F. Un exemple positif, la Convention UNESCO sur la diversité culturelle

Si les rapports de force entre la gauche et la droite sont en faveur de cette dernière, singulièrement depuis l’élargissement à 27, les combats progressistes peuvent trouver une issue favorable. Depuis la présidence belge de l’Union européenne en 2001, et même avant lors de la réunion de l’Organisation mondiale du commerce (OMC) à Seattle en 1999, la Communauté française a été un des principaux acteurs dans ce combat pour que la diversité culturelle soit reconnue dans la mondialisation, en général, et dans le système OMC, en particulier. L’Union européenne et la Communauté française ont joué un rôle important, en parfaite entente avec les autres entités belges, pour obtenir une exemption à la clause de la nation la plus favorisée, au profit de l’audiovisuel et du cinéma. En clair, permettre la poursuite des subventions des activités culturelles. C’est ainsi que l’initiative a été prise de faire adopter à l’UNESCO la Convention internationale sur la protection de la diversité des contenus culturels et des expressions artistiques. C’est une convention de droit international public, équivalente au dispositif de l’OMC, qui organise la complémentarité des deux systèmes, distinguant les deux natures des activités de biens et services culturels. Le texte a été adopté par tout les pays de l’UE sauf la Belgique, la Flandre n’ayant pas encore ratifié la Convention. Les activités, biens et services culturels sont donc désormais protégés, mis à l’abri des règles commerciales qui s’appliquent normalement aux marchandises que l’on peut qualifier d’ordinaires.

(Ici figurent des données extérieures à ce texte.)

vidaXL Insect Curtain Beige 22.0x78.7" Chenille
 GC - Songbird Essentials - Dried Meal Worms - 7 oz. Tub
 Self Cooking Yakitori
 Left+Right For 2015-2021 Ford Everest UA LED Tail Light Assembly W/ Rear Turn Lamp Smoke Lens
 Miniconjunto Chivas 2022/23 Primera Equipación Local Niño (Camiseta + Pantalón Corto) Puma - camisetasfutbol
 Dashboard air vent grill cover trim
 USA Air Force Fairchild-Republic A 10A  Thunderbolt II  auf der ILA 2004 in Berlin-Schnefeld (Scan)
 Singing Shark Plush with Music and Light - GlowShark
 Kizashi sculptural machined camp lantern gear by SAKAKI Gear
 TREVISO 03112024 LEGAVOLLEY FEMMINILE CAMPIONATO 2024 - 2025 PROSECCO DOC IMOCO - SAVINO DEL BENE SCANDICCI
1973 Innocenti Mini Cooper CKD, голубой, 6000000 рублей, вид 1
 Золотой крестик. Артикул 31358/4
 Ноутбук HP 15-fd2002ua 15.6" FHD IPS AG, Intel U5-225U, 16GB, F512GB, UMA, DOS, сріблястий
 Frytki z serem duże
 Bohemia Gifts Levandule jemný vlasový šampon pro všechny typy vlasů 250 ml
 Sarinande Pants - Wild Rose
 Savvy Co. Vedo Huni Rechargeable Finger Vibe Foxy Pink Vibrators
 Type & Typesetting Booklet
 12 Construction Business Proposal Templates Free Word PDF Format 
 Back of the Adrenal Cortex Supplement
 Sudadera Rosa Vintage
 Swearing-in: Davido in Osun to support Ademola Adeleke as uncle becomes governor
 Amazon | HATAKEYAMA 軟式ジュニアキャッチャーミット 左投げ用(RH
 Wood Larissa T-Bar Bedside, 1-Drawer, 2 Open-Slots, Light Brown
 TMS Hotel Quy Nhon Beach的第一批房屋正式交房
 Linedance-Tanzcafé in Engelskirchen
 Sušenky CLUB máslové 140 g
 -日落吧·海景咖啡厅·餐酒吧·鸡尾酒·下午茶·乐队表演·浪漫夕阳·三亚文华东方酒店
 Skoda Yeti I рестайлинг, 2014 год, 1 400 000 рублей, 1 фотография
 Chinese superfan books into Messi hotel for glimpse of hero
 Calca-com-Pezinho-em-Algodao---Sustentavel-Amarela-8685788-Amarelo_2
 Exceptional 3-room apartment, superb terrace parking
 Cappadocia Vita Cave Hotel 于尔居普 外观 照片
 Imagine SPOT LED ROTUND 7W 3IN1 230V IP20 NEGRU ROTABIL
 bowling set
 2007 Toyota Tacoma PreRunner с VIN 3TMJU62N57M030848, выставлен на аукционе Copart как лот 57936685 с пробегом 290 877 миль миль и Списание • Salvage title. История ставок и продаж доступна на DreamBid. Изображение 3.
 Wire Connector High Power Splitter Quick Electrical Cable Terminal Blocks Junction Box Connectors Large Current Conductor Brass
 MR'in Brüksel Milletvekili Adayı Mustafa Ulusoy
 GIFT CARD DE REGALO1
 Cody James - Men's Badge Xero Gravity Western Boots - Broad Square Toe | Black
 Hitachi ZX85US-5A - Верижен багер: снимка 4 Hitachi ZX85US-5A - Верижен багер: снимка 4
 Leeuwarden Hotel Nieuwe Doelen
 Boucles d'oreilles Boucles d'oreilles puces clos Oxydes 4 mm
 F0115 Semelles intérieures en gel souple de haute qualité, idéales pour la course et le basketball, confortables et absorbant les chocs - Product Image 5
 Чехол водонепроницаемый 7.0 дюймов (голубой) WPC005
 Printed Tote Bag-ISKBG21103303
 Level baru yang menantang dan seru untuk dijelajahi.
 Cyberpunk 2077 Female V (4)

G. Conclusion : activer tous les leviers, y compris au niveau européen, pour défendre la logique de service public

Comme le montre l’action de la Communauté française pour la convention UNESCO, rien n’est inéluctable. Des pistes de solution existent ! L’IEV plaide pour l’activation de tous les leviers permettant de défendre la logique de service public. Toutefois, depuis les dernières élections européennes, les forces progressistes au sein du Parlement européens ont perdu de leur importance. Le rapport de force est encore moins favorable au sein de la Commission. Avec 6 commissaires, le PSE n’est que la troisième force politique, derrière le PPE avec 12 commissaires et les libéraux avec 8 commissaires.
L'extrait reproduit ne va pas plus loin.